Set this option to 1 and Ho_Import will try and determine the lowest price for your configurable product.

calculate_price_in_stock

Note: The calculate_price option has to be enabled in order to use this.

Set this option to 1 and Ho_Import will try and determine the lowest price based on products in stock for your configurable product.

CLI / Shell Utility

The importer comes with a shell utility where you'll be spending most of your time. You may want to access the individual configuration settings to disable custom helpers (useful when dryrun is active). This can be done by using:

Mage::helper('ho_import/import')->getConfig();

line

php hoimport.php  -action line
    -profile profile_name             Available profiles:    [list of profiles]
    -skip_download 1                  Skip the download
    -skip_decompress 1                Skip the decompressing of the downloaded file
    -line 1,2,3                       Commaseparated list of lines to be checked
    -search sku=abd                   Search for the value of a field.

import

php hoimport.php -action import
    -profile profile_name             Available profiles:    [list of profiles]
    -skip_download 1                  Skip the download
    -skip_decompress 1                Skip the decompressing of files
    -dryrun 1                         Validate all data agains the Magento validator, but do not import anything

importCsv

php hoimport.php -action csv
    Debug method: doesn't fieldmap, only imports the current csv
    -profile profile_name             Available profiles:    [list of profiles]
    -dryrun 1                         Validate all data agains the Magento validator, but do not import anything

Logging

There are two logging modes: CLI and cron mode. In the CLI mode it always logs to the CLI and tries to add nice colors, etc. In the cron-mode it will log to the the log files and can also log to the messages inbox in the admin panel.

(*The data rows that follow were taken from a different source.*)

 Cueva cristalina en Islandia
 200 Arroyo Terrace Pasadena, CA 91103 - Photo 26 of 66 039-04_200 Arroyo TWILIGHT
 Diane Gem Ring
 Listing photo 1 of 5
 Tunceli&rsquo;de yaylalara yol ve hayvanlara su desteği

Calling importer in your code

This is pretty easy to do:

protected function _importCustomers($memberIds) {
    Mage::getModel('ho_import/import')
        ->setProfile('postbeeld_customers')
        ->setSourceOptions(array('member_id' => implode(',', $memberIds)))
        ->process();

    Mage::helper('ho_import/log')->done();
    return $this;
}

File logging

Every import run by the cron is saved in var/ho_import.log.

Admin Panel notification

Sometimes you want to put a message in the Admin panel if an error pops up. By default the system only creates an admin panel message if there is a warning.

EMERG   = 0;  // Emergency: system is unusable
ALERT   = 1;  // Alert: action must be taken immediately
CRIT    = 2;  // Critical: critical conditions
ERR     = 3;  // Error: error conditions
WARN    = 4;  // Warning: warning conditions
NOTICE  = 5;  // Notice: normal but significant condition
INFO    = 6;  // Informational: informational messages
DEBUG   = 7;  // Debug: debug messages
SUCCESS = 8;  // Success: When everything is going well.

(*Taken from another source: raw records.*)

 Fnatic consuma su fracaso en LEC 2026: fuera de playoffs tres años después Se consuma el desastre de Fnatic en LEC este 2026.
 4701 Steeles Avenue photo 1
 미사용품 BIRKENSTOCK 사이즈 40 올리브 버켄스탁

Place these config values in <config><global><ho_import><my_import_name> to change the level when and admin panel message will be added.

<log_level>6</log_level>

Use cases

At the time of release we have this tool running for multiple clients, multiple types of imports:

Performance

We don't have actual benchmarks at the moment, but the time spend fieldmapping is an order of magnitude faster than the actual import its self.

License

OSL - Open Software Licence 3.0

Support

If you need help with the module, create an issue in the GitHub issue tracker.

Author

The module is written by Paul Hachmang (twitter: @paales, email: paul@reachdigital.nl) build for Reach Digital, we make Magento Webshops (website: https://www.reachdigital.nl/, email: info@reachdigital.nl, twitter: @ho_nl).

Why build it and open source it?

After having build multiple product, category and customer imports I was never really satisfied with the available projects. After implementing a project with bare code we came to the conclusion that it was pretty difficult to create an import, make sure al the fields are correctly set for Magento to accept them, the development iteration was to slow, etc.

After building this we think we made a pretty good module that has value for a lot of Magento developers, so releasing it open source was natural. And with the combined effort of other developers, we can improve it even further, fix bugs, add new features etc.